> **Exercise goal**
Exactly as written, transcribe the lines that run from the one containing "d0141922_22124233.jpg" to the end of the records below.

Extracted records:
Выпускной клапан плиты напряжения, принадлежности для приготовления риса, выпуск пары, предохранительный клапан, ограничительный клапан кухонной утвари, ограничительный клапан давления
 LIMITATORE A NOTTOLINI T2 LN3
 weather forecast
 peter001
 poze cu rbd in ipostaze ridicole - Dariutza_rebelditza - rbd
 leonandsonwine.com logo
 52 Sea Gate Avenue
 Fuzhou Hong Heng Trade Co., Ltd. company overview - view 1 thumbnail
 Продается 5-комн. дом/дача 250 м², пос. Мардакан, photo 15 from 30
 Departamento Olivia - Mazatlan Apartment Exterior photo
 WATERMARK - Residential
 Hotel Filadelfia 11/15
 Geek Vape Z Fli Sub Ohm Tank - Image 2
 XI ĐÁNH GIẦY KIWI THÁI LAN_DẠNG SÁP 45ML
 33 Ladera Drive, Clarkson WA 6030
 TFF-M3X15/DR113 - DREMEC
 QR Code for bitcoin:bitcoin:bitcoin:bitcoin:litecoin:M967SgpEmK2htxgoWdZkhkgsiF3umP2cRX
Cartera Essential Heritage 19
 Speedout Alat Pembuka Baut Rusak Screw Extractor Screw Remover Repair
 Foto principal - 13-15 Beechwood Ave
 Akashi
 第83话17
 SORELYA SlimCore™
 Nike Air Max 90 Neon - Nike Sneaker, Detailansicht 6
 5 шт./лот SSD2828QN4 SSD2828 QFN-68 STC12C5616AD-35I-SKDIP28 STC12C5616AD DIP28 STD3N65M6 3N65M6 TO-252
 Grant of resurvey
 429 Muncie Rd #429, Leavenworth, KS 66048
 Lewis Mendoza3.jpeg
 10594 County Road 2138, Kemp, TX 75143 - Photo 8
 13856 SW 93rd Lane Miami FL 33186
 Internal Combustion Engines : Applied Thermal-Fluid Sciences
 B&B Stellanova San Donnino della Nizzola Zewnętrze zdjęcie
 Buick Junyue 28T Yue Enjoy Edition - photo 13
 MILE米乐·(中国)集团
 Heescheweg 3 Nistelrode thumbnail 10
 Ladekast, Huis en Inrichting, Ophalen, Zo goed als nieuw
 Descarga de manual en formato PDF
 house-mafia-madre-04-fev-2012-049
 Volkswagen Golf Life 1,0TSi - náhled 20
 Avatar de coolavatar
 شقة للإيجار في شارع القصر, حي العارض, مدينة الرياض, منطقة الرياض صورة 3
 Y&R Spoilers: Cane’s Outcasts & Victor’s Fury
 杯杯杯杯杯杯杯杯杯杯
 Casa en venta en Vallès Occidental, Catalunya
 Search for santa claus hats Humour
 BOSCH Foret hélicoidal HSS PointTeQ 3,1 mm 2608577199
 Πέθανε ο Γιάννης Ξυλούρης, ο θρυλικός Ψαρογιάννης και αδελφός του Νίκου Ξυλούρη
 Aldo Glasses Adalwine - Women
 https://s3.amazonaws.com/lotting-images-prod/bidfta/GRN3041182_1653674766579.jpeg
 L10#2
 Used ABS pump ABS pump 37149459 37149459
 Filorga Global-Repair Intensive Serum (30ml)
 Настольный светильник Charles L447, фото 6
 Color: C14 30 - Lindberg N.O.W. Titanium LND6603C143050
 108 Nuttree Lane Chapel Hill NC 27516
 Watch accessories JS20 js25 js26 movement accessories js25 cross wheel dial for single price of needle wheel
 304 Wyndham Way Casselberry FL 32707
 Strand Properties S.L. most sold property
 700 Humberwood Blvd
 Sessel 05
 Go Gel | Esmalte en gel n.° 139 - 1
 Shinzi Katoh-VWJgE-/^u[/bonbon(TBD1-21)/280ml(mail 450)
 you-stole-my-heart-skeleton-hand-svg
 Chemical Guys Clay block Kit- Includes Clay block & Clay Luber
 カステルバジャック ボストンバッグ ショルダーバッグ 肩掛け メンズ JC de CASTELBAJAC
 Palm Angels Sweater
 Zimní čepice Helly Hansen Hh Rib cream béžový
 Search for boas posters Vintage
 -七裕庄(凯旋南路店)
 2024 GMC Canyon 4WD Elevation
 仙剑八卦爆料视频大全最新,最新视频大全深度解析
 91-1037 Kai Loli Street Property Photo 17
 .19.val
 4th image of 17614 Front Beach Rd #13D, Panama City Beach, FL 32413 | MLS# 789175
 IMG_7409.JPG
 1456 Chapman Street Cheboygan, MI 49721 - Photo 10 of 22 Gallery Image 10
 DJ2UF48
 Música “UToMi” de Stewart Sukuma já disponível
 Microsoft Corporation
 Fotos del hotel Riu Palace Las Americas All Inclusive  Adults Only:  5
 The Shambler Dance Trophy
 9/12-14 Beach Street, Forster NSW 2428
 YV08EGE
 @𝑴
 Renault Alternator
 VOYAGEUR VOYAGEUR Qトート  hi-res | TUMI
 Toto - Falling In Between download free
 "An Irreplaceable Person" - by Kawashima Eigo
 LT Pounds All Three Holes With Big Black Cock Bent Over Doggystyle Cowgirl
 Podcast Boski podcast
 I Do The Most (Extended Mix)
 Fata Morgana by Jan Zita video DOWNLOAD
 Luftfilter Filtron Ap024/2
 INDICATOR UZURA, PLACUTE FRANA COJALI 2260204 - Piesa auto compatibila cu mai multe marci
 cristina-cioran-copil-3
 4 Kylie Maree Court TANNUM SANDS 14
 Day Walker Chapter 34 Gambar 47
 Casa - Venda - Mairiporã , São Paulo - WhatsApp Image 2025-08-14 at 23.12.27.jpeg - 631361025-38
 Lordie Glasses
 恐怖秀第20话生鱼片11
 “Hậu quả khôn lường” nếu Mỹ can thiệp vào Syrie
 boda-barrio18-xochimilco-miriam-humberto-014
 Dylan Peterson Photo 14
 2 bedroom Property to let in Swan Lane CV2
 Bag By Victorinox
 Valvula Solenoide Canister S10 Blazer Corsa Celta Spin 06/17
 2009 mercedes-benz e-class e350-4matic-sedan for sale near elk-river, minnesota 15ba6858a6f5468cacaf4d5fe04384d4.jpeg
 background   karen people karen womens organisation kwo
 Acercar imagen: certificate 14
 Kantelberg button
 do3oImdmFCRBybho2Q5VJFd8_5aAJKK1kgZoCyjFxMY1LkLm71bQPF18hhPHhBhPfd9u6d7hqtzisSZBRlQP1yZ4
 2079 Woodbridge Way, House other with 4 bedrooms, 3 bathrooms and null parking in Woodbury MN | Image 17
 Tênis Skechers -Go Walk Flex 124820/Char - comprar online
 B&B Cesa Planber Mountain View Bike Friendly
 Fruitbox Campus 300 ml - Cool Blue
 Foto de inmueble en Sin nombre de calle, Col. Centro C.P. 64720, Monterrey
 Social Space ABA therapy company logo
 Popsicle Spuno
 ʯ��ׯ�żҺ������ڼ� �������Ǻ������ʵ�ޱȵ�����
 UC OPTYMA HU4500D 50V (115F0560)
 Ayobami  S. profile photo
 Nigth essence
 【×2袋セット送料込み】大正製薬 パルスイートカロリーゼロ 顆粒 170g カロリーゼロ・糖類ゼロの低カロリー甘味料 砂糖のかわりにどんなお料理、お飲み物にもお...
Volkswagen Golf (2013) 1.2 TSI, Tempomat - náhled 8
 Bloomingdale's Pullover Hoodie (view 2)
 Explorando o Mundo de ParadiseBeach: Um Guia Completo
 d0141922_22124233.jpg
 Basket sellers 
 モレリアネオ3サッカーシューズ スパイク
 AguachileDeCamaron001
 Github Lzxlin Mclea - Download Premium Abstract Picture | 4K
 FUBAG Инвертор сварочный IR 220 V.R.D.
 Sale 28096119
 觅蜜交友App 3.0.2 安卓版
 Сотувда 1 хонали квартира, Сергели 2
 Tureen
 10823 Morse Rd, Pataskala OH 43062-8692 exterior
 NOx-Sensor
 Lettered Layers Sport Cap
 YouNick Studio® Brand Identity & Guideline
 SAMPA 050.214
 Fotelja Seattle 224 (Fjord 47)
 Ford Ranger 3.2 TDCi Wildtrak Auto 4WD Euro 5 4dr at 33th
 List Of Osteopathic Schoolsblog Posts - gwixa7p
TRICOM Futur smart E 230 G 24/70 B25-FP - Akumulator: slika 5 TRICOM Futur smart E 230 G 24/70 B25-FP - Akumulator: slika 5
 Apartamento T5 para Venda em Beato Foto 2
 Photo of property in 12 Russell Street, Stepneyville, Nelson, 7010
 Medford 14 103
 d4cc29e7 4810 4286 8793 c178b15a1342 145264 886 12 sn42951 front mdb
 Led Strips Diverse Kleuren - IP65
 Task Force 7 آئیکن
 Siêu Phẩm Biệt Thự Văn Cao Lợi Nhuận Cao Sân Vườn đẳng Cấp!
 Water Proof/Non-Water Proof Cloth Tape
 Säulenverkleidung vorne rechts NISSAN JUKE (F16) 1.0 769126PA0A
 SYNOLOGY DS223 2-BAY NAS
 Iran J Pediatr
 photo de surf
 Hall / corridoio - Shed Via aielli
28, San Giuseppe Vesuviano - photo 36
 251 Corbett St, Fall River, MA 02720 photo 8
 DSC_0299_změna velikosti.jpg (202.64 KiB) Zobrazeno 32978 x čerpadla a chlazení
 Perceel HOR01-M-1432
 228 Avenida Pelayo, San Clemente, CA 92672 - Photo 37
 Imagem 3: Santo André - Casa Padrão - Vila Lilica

> **Result for this exercise**
 d0141922_22124233.jpg
 Basket sellers 
 モレリアネオ3サッカーシューズ スパイク
 AguachileDeCamaron001
 Github Lzxlin Mclea - Download Premium Abstract Picture | 4K
 FUBAG Инвертор сварочный IR 220 V.R.D.
 Sale 28096119
 觅蜜交友App 3.0.2 安卓版
 Сотувда 1 хонали квартира, Сергели 2
 Tureen
 10823 Morse Rd, Pataskala OH 43062-8692 exterior
 NOx-Sensor
 Lettered Layers Sport Cap
 YouNick Studio® Brand Identity & Guideline
 SAMPA 050.214
 Fotelja Seattle 224 (Fjord 47)
 Ford Ranger 3.2 TDCi Wildtrak Auto 4WD Euro 5 4dr at 33th
 List Of Osteopathic Schoolsblog Posts - gwixa7p
TRICOM Futur smart E 230 G 24/70 B25-FP - Akumulator: slika 5 TRICOM Futur smart E 230 G 24/70 B25-FP - Akumulator: slika 5
 Apartamento T5 para Venda em Beato Foto 2
 Photo of property in 12 Russell Street, Stepneyville, Nelson, 7010
 Medford 14 103
 d4cc29e7 4810 4286 8793 c178b15a1342 145264 886 12 sn42951 front mdb
 Led Strips Diverse Kleuren - IP65
 Task Force 7 آئیکن
 Siêu Phẩm Biệt Thự Văn Cao Lợi Nhuận Cao Sân Vườn đẳng Cấp!
 Water Proof/Non-Water Proof Cloth Tape
 Säulenverkleidung vorne rechts NISSAN JUKE (F16) 1.0 769126PA0A
 SYNOLOGY DS223 2-BAY NAS
 Iran J Pediatr
 photo de surf
 Hall / corridoio - Shed Via aielli
28, San Giuseppe Vesuviano - photo 36
 251 Corbett St, Fall River, MA 02720 photo 8
 DSC_0299_změna velikosti.jpg (202.64 KiB) Zobrazeno 32978 x čerpadla a chlazení
 Perceel HOR01-M-1432
 228 Avenida Pelayo, San Clemente, CA 92672 - Photo 37
 Imagem 3: Santo André - Casa Padrão - Vila Lilica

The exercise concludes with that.